Start of Block

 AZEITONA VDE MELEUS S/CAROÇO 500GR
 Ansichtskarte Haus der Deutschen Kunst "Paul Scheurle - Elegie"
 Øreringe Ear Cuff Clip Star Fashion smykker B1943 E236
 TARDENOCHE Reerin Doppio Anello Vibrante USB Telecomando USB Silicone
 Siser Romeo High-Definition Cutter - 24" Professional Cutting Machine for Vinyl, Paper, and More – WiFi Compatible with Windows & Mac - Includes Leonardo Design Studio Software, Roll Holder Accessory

End of Block
Start of Block

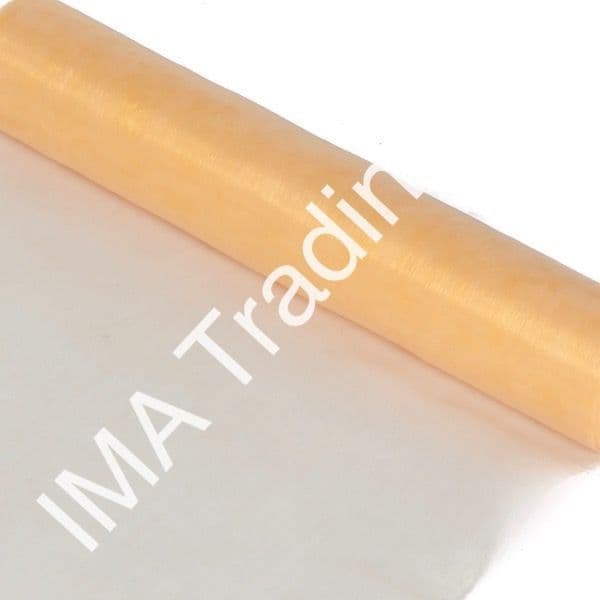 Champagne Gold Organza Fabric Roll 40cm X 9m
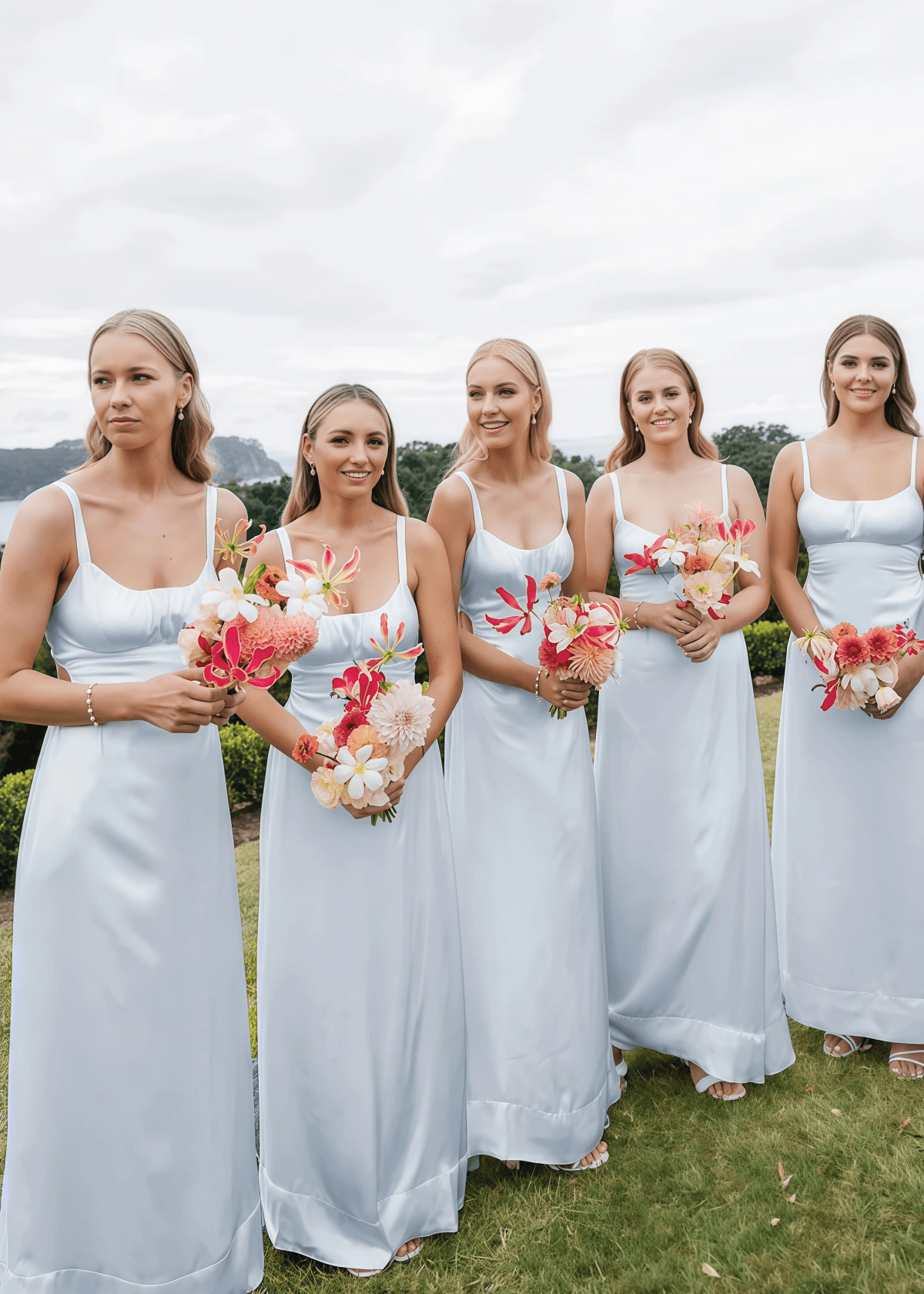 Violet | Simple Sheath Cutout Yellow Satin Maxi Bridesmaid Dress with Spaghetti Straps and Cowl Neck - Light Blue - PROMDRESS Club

End of Block

Copy out each line of the data above, exactly, if it lies between the line holding "AZEITONA VDE MELEUS S/CAROÇO 500GR" and the line holding "Siser Romeo High-Definition", inclusive; copy no other line.

Output of the exercise:
 AZEITONA VDE MELEUS S/CAROÇO 500GR
 Ansichtskarte Haus der Deutschen Kunst "Paul Scheurle - Elegie"
 Øreringe Ear Cuff Clip Star Fashion smykker B1943 E236
 TARDENOCHE Reerin Doppio Anello Vibrante USB Telecomando USB Silicone
 Siser Romeo High-Definition Cutter - 24" Professional Cutting Machine for Vinyl, Paper, and More – WiFi Compatible with Windows & Mac - Includes Leonardo Design Studio Software, Roll Holder Accessory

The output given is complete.